Listen to the whole thing HERE!

YOU CANNOT KILL DAVID ARQUETTE: 3 STARS. “raw, direct and candid.”

Like Rodney Dangerfield, all David Arquette wants is some respect. The “Scream” and “Eight Legged Freaks” actor and sometimes wrestler is the subject of “You Cannot Kill David Arquette,” a new documentary, now on VOD, that traces his journey to redemption in and out of the ring.

You likely know Arquette as part of the famous Hollywood family. His grandfather Cliff was a well-known comedian, his father Lewis was best known for playing J.D. Pickett on “The Waltons,” and his four siblings, Rosanna, Richmond, Patricia and Alexis (whop passed away in 2016) all became successful actors. He was once married to Cortney Cox and has been acting since his teens. Like everyone with a long career he’s been in hits and flops but, according to the documentary, “Scream,” the movie that made him a star also type cast him as a goofy, dim witted guy and ruined his serious acting career.

It was another movie, however, that sent him in a different direction. The actor was always a wrestling fan but “Ready to Rumble,” the story of a pair of slacker wrestling fans upset by the ouster of their favorite character by an unscrupulous promoter, brought him into the wrestling biz. Brought into Ted Turner’s World Championship Wrestling, he became a comic relief attraction and eventually winning the WCW World Heavyweight Championship. It was a marketing attempt, but wrestling fans were incensed that an interloper, a Hollywood actor, could take the championship away from “real” wrestlers. He became the he most hated man in pro-wrestling and gave up the ring for eighteen years.

Ostracized by Hollywood and the wrestling world, he battled substance abuse, a public divorce and a life-threatening heart attack.
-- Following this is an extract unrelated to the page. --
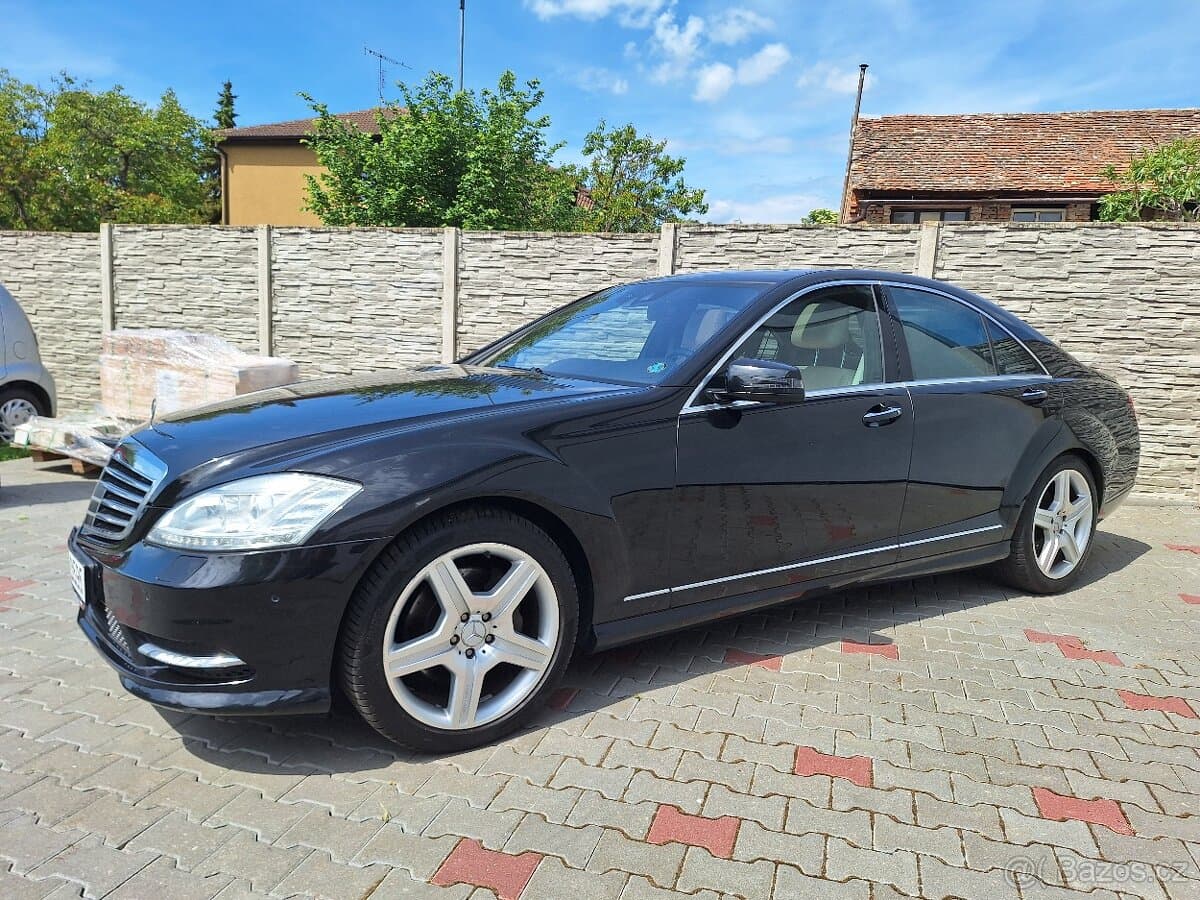 2011 Mercedes-Benz OSTATNÍ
It’s here “You Cannot Kill David Arquette” begins.

Battling self-esteem issues—he frequently refers to himself as a loser—and the backlash that set him professionally adrift, Arquette, at age 48, and unable to get the acting auditions he wants, attempts a return to the ring. Like a flies-on-the-wall directors David Darg and Price James follow the actor as he loses fifty pounds, quits smoking, practices, gets his ass kicked, rehearses on the streets of Mexico and in one harrowing sequence, suffers a serious injury during an aptly named death match.

Wrestling takes up a great deal of screen time and it is clear that this is meant, in part, to be Arquette’s love letter to the sport, the important stuff in the film happens outside the ring. Arquette is laid bare here, exposing his struggles in a raw and candid way. He lays it bare, telling his tale on his own terms. It’s a story of personal redemption that never quite feels fulfilled, but Arquette’s directness and eagerness to set things right, if only in his own mind, is compelling.